Dal 15 Agosto in avanti abbiamo assistito ad un profluvio di commenti giornalistici grondanti antiamericanismo.
Molti di coloro che nel 2001 avevano condannato duramente l’intervento militare degli Usa in Afghanistan, senza avvedersi della loro palese contraddizione, hanno altrettanto duramente condannato la decisione degli americani di porre fine alla loro presenza militare in quel Paese. Al centro delle critiche la figura del presidente democratico Joe Biden che, certamente favorevole al ritiro, è stato però l’attuatore di una decisione presa e concordata nei tempi e nei modi con i Talebani dal suo predecessore Donald Trump, con l’accordo di Doha del 29 febbraio 2020. E, come ha ricordato Paolo Mieli sul Corriere Della Sera del 25 Agosto , “Nessuno o quasi nell’emisfero a cui apparteniamo ebbe alcunché da ridire sui patteggiamenti Usa di Doha”. Ora, però, tutti a parlare di disfatta americana e di ignominia per l’Occidente e tutti ad attribuirne la responsabilità al presidente Biden.

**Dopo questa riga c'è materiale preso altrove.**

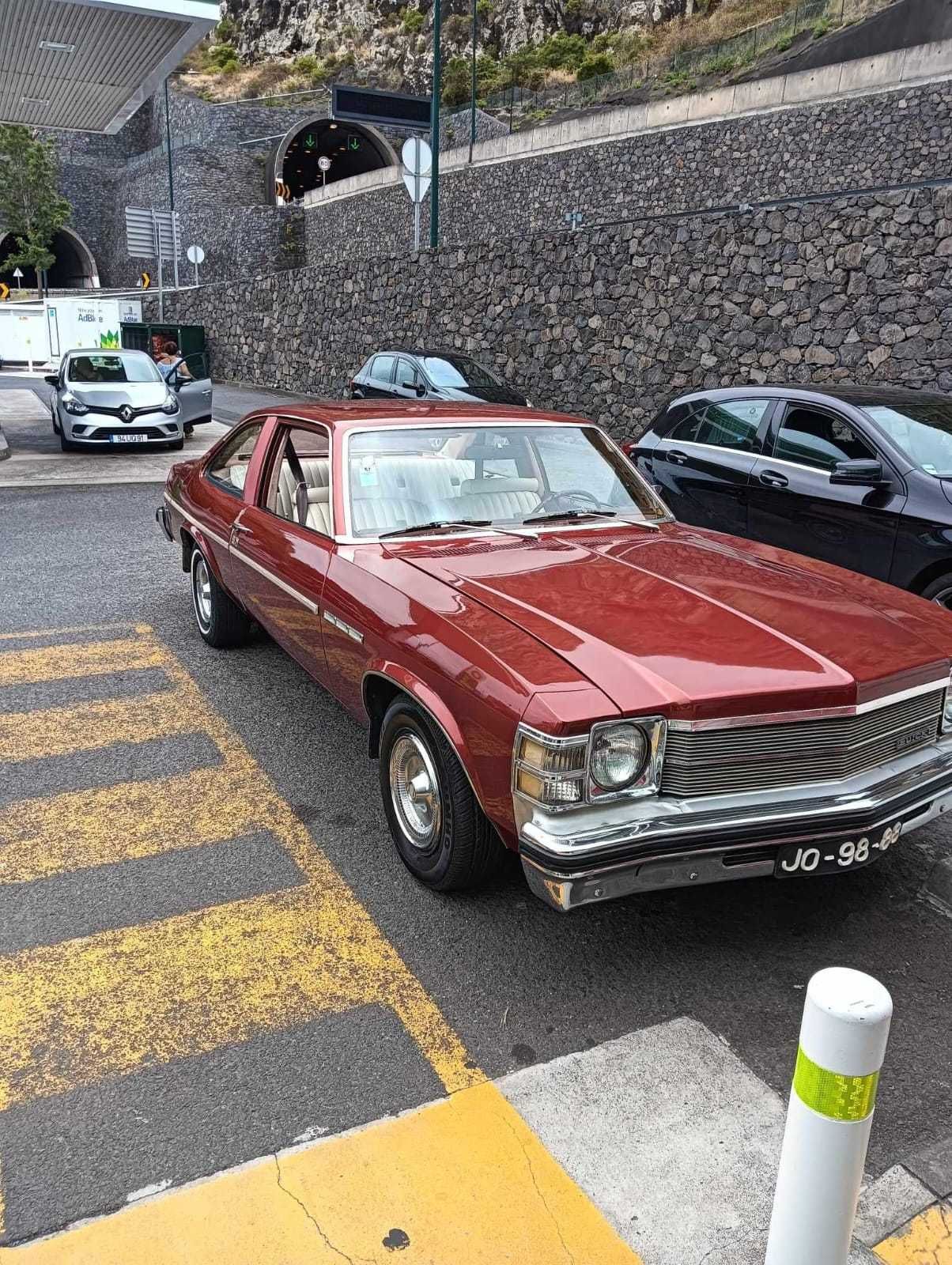 Buick Skylark Coupé V8 de 1976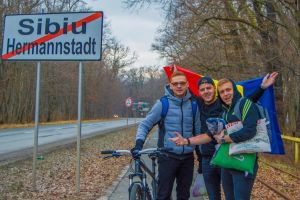 Trei studenţi din Sibiu vor să plece în aventura vieţii. Au nevoie de votul tău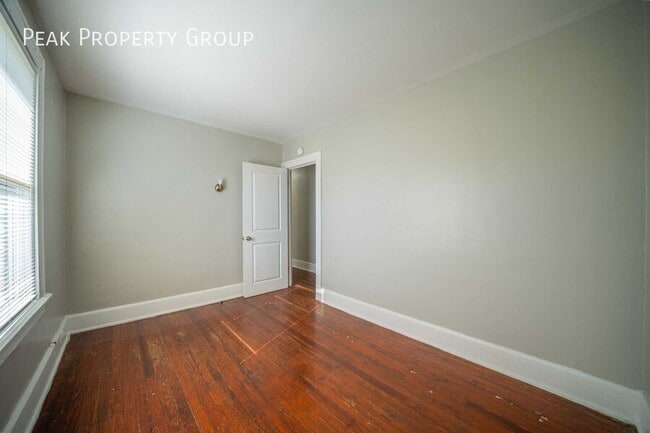Building Photo - 1451 N 6th St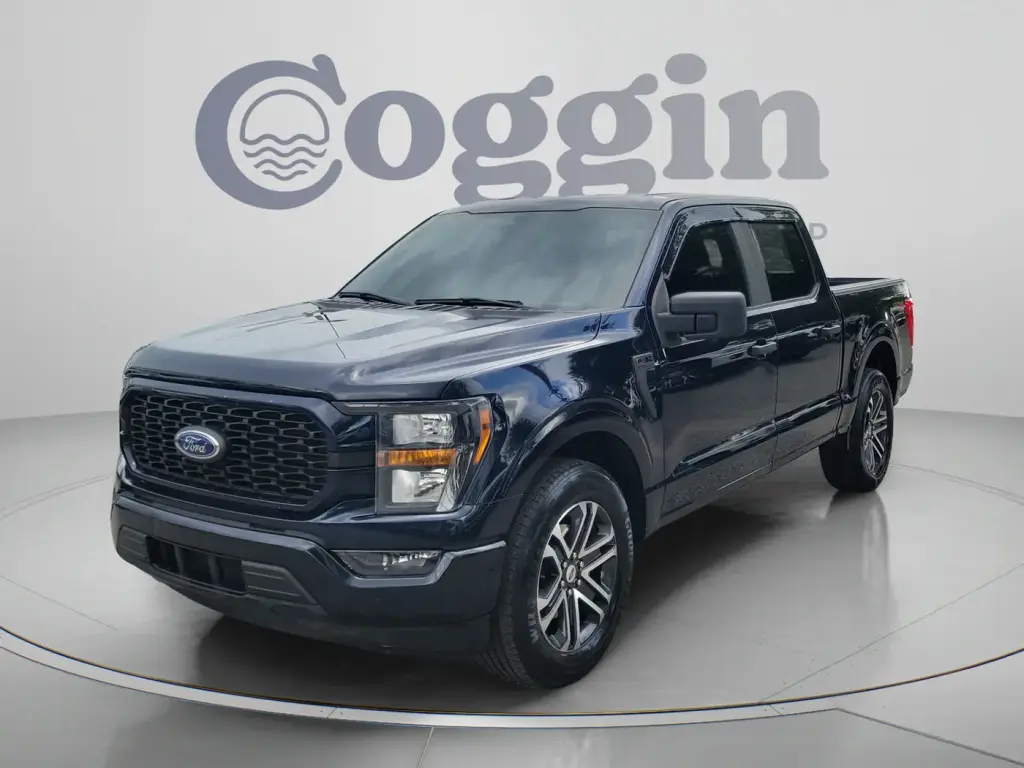 Ford F-150 2023 4x2 XL 4dr SuperCrew 5.5 ft. SB
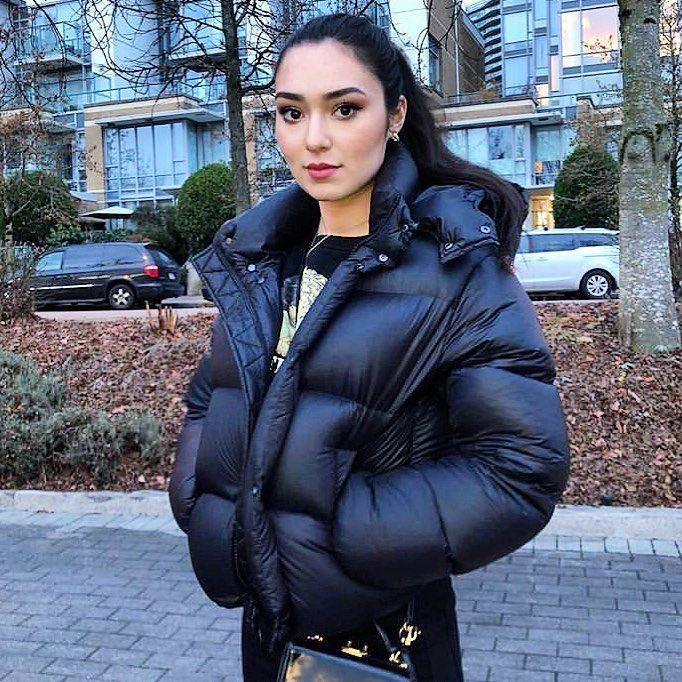 Aritzia The Mega Puff in S Women s Fashion Clothes on Carousell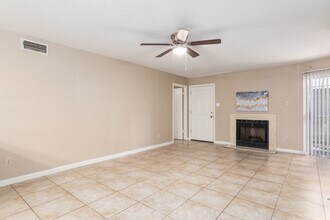 10835 Braes Bend Dr in Houston, TX - Building Photo - Building Photo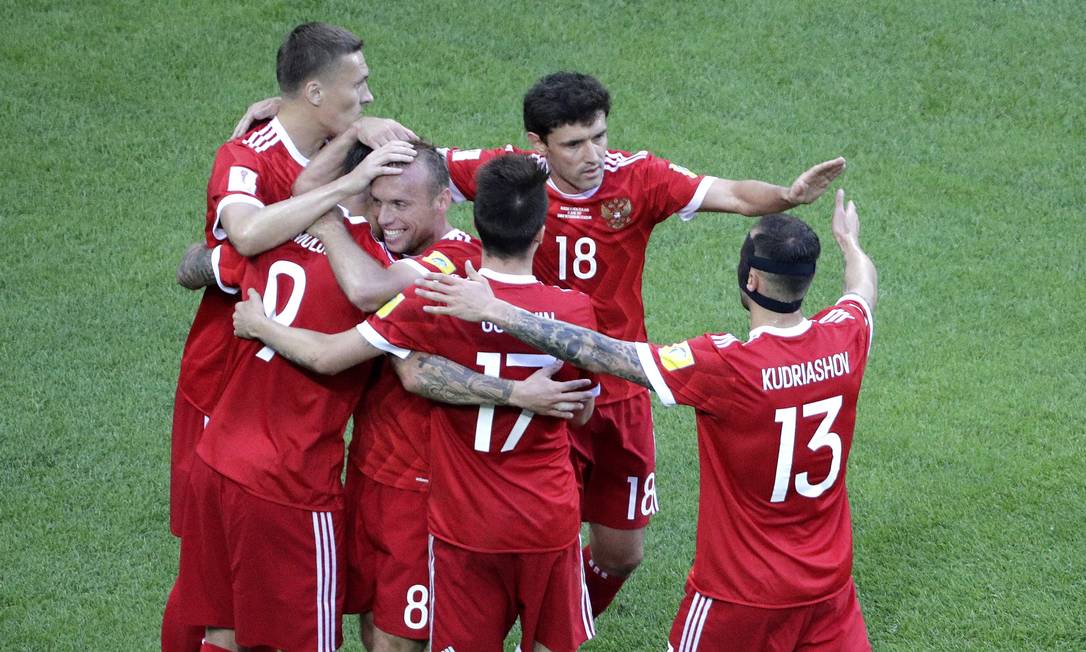 Copa das Confederações começa na Rússia com vitória dos donos da casa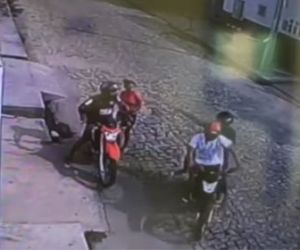 Casal é abordado e tem moto roubada na porta de casa em Floriano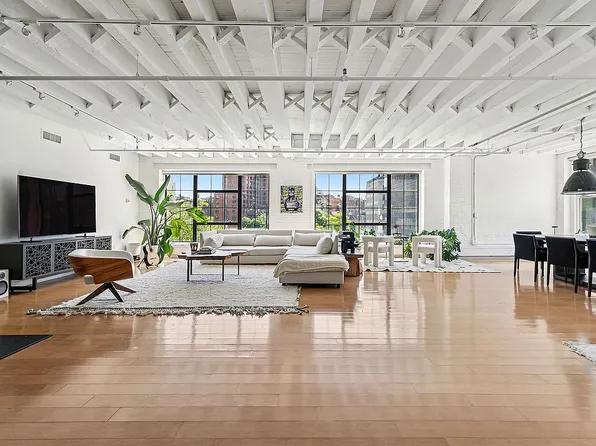 28 Laight St APT 3B, New York, NY 10013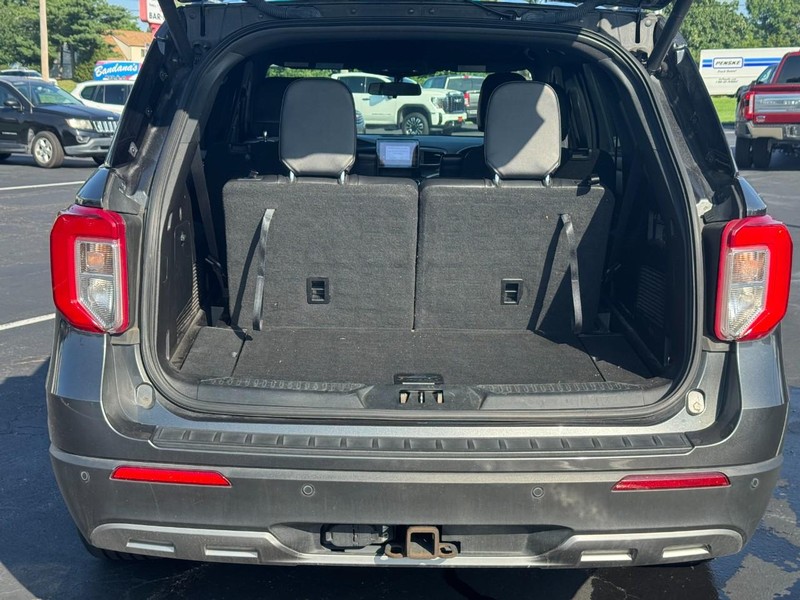 Ford Explorer Vehicle Full-screen Gallery Image 06
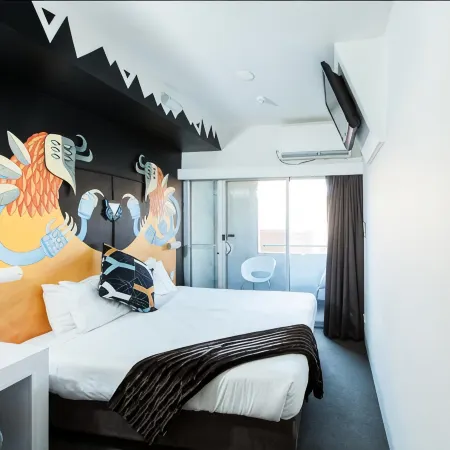 Majestic Minima Hotel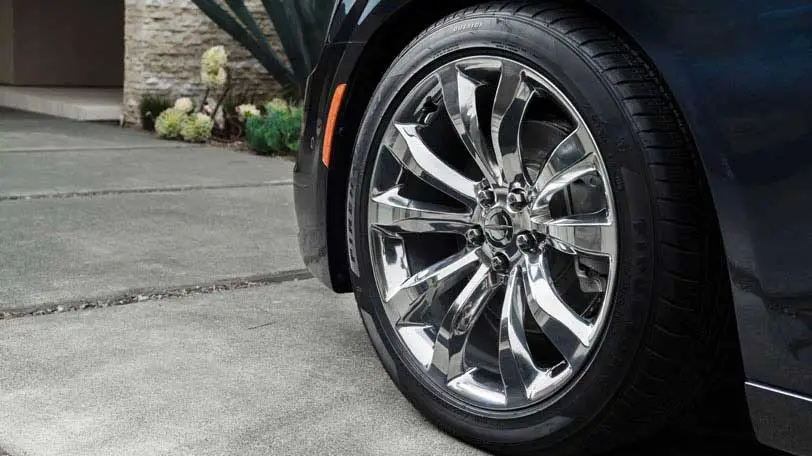 Chrysler 300S AWD Exterior wheel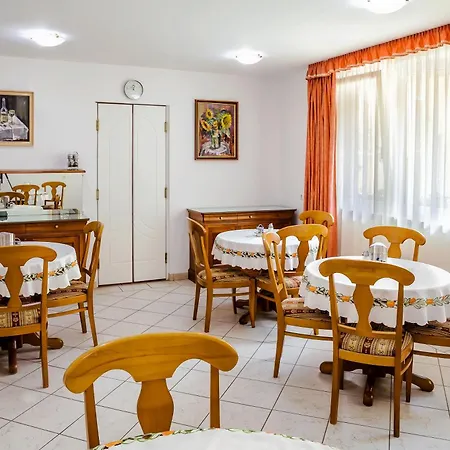 Kata Panzio Σέγκεντ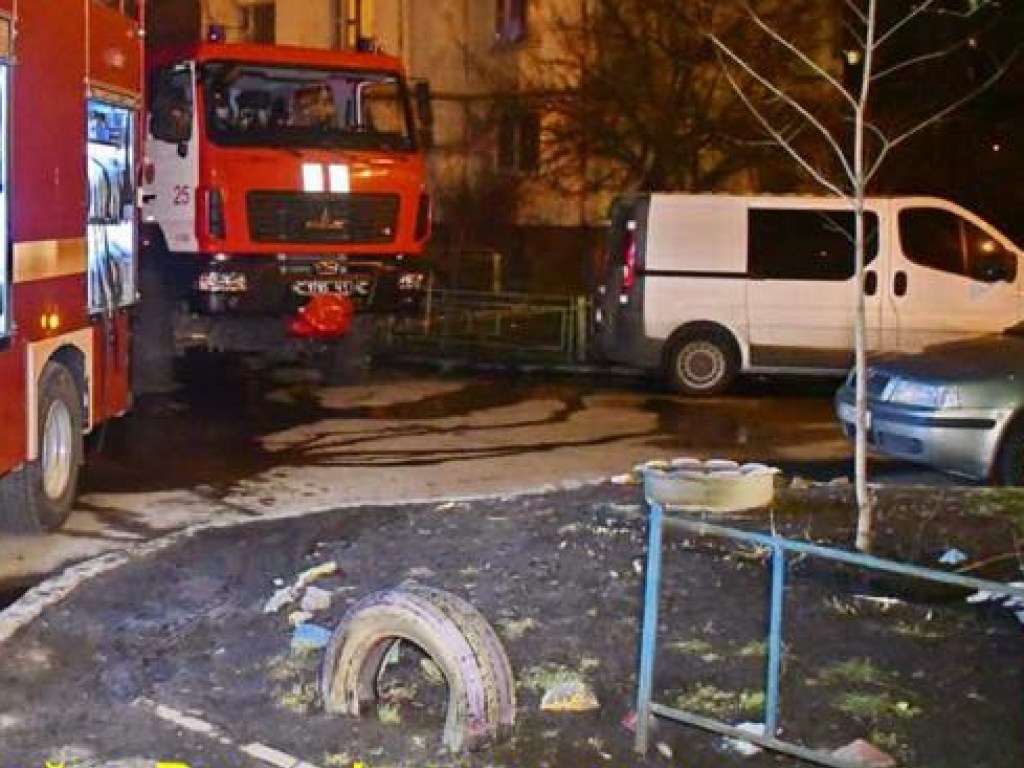 На Оболони в Киеве произошел пожар в многоэтажке (ФОТО)
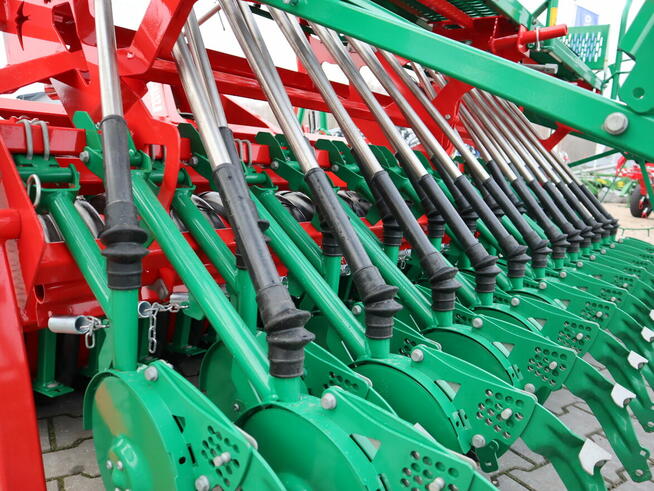 Siewnik nabudowany zestaw uprawowo-siewny SN301 AGRO-MASZ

Ed ha ragione Paolo Mieli quando dice: “C’è qualcosa di improprio negli sberleffi, nei rilievi a tratti inutilmente offensivi dai quali in questi giorni è sommerso il presidente degli Stati Uniti. Da Ferragosto, quando i talebani sono entrati a Kabul, praticamente non è passato un attimo senza che da qualche parte del pianeta un politico (o, più spesso, un improvvisato commentatore di vicende asiatiche) non si sia sentito in diritto di spiegare al capo di Stato americano quali errori aveva commesso. E di indicargli cosa dovrà fare di qui al termine del suo mandato. Quasi sempre biasimi e suggerimenti sono stati accompagnati da sgradevoli considerazioni sulla sua cultura, sulla sua preparazione e perfino sul suo status mentale”.

Certamente una meno frettolosa predisposizione di modalità e mezzi, per rendere  più graduale il ritiro, avrebbe potuto consentire di sottrarre alla barbarie talebana un maggior numero di afghani che si sono macchiati della “colpa” di aver collaborato con gli occidentali. Ma è tutto da dimostrare che un ritiro più graduale e ordinato avrebbe evitato tragici episodi come quello della strage di civili e militari avvenuta all’aereoporto di Kabul il 26 Agosto per opera di terroristi kamikaze (l’attacco è stato rivendicato da una sezione regionale dello Stato Islamico – Islamic State Khorasan Province -ISKP).

Più che la facilità con la qualei talebani sono entrati a Kabul, praticamente senza colpo ferire (cosa che non ha nulla di sorprendente perché era scritto nei patti) è proprio l’attentato terroristico per opera dell’ISIS, la tempistica della sua realizzazione, il luogo scelto (il cuore di una zona sotto totale controllo dell’esercito americano) e l’entità del danno provocato (oltre 170 vittime tra civili e militari) che deve essere seriamente oggetto di riflessione perché costituisce un segno concreto della nuova strategia di attacco all’Occidente che i jihadisti intendono perseguire. La fazione Isis Khorasan (sigla mai comparsa prima) che ha rivendicato l’attentato non ha cercato nessuna copertura e nessuna complicità dei Talebani, anzi ha operato in contrasto con essi, giudicati troppo tiepidi col nemico  (e del resto i talebani hanno apertamente condannato l’attentato dell’ISIS).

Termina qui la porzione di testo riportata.